Executive Summary
Background
The advance of cash and voucher assistance (CVA) is arguably the most impactful change that has taken place in the humanitarian system over the past two decades. Its rise from less than 2% of humanitarian assistance in 2005 to 21% today involved a fundamental shift in mindset, and its story demonstrates just how fast change can happen when incentives align. This shift has been about more than innovation of a product or service. It has involved a multifaceted transformation across the humanitarian system with huge improvements in the effectiveness of aid and dignity for people affected by crisis.
For over a decade, CVA was one of the humanitarian sector’s lead protagonists, involving widely diverse stakeholders in unusual collaborations to give more choice to crisis-affected people. CVA has challenged the foundations of decision-making and partnership, offering efficiencies in time and costs in the process.
And yet, growth since 2020 suggests that, despite huge gains, the full transformative potential of CVA is at risk.

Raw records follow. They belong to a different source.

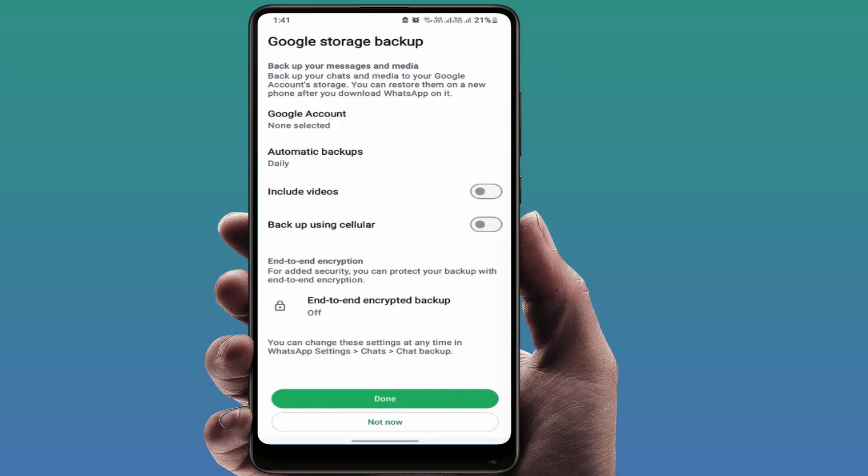Hello guys, how are you? Hope you all are doing well. Today I'm back with one of the most interesting videos. In this video tutorial, I'm going to show you how to disable the Google storage backup notification in WhatsApp.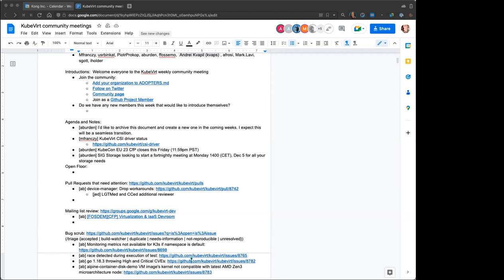I'd suggest that our capacity to provide a KubeVirt roadmap will be more possible after our next release, when we start having only three releases a year rather than twelve releases a year, because it'll be a bit easier to gauge. Makes sense — thank you. Good question, Mark.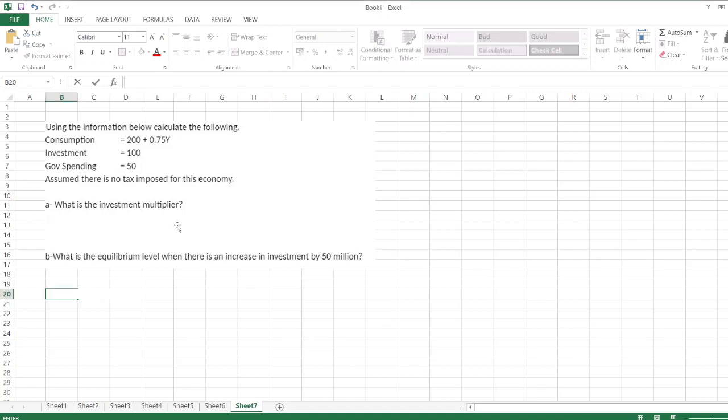Hey guys, the question is: using the information below, calculate the following. What is the investment multiplier, and what is the equilibrium level when there is an increase in investment by 50 million? First, please subscribe to my YouTube channel.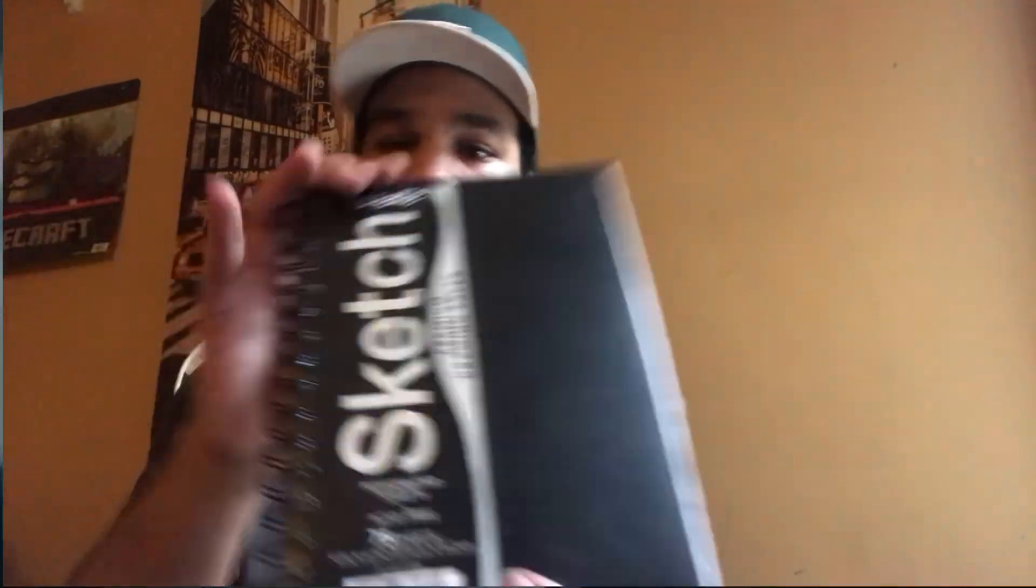How's it going bro, so today's video is going to be a sketchbook tour. This is my first sketchbook from December 8th through January 6th of this year. This is a regular sketchbook you can get from Target, nothing special.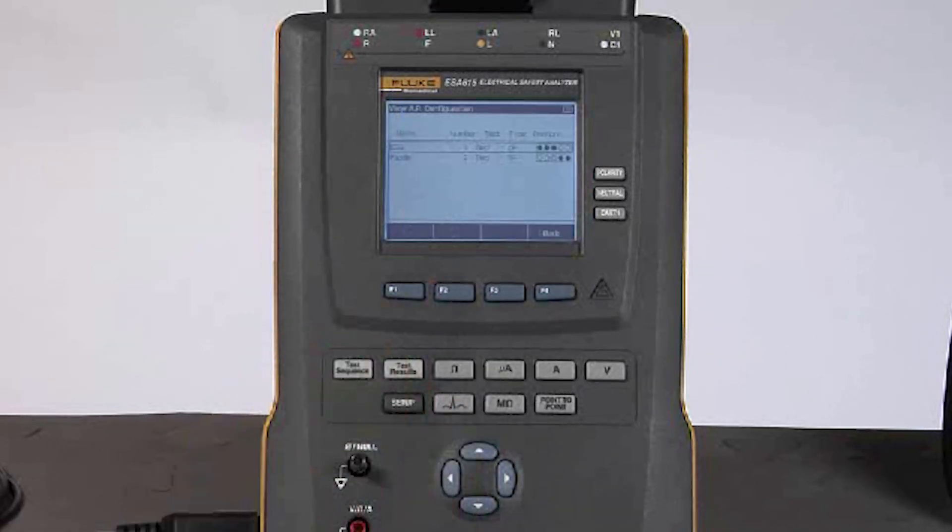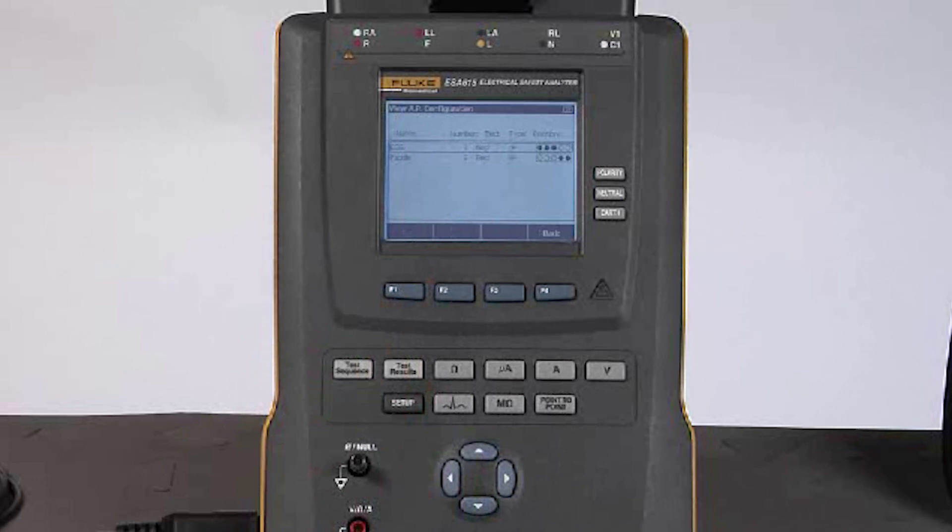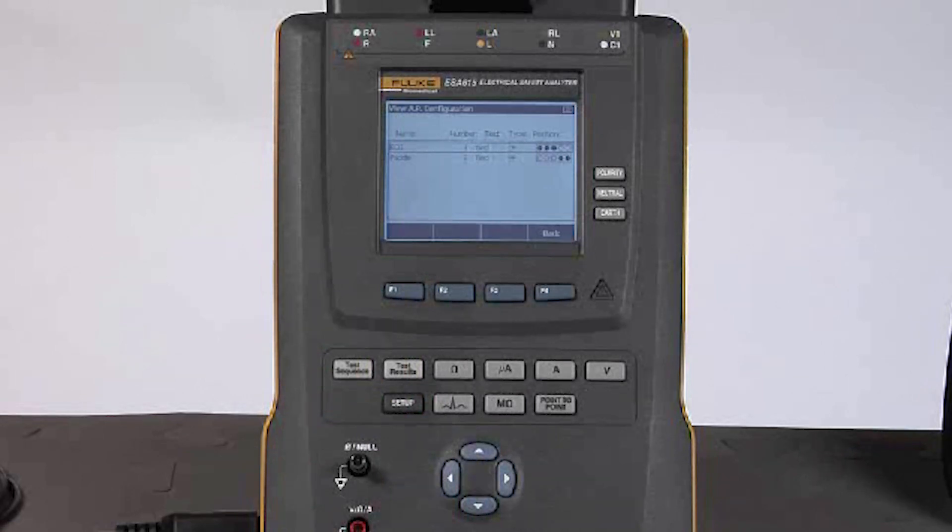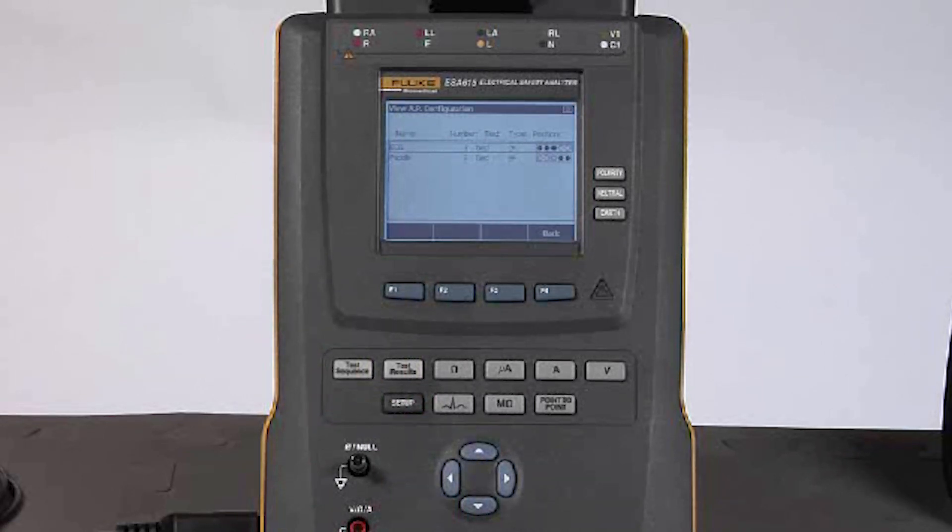The view applied part button allows me to set up my applied part modules—that is, which groups of patient applied connections should be tested together and in what particular way.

Through this study, CALP sought to explore the ‘unfinished business’ of CVA and what role it could play in revisiting its big promise: to enable choice and dignity for people affected by crisis. CALP has posed bold questions about CVA in the wider humanitarian system, as well as the Network’s own role in the future of CVA. It has brought to the forefront one of the most contentious and persistent tensions in the system: the issue of power sharing within the stretched and contested realm of humanitarian assistance.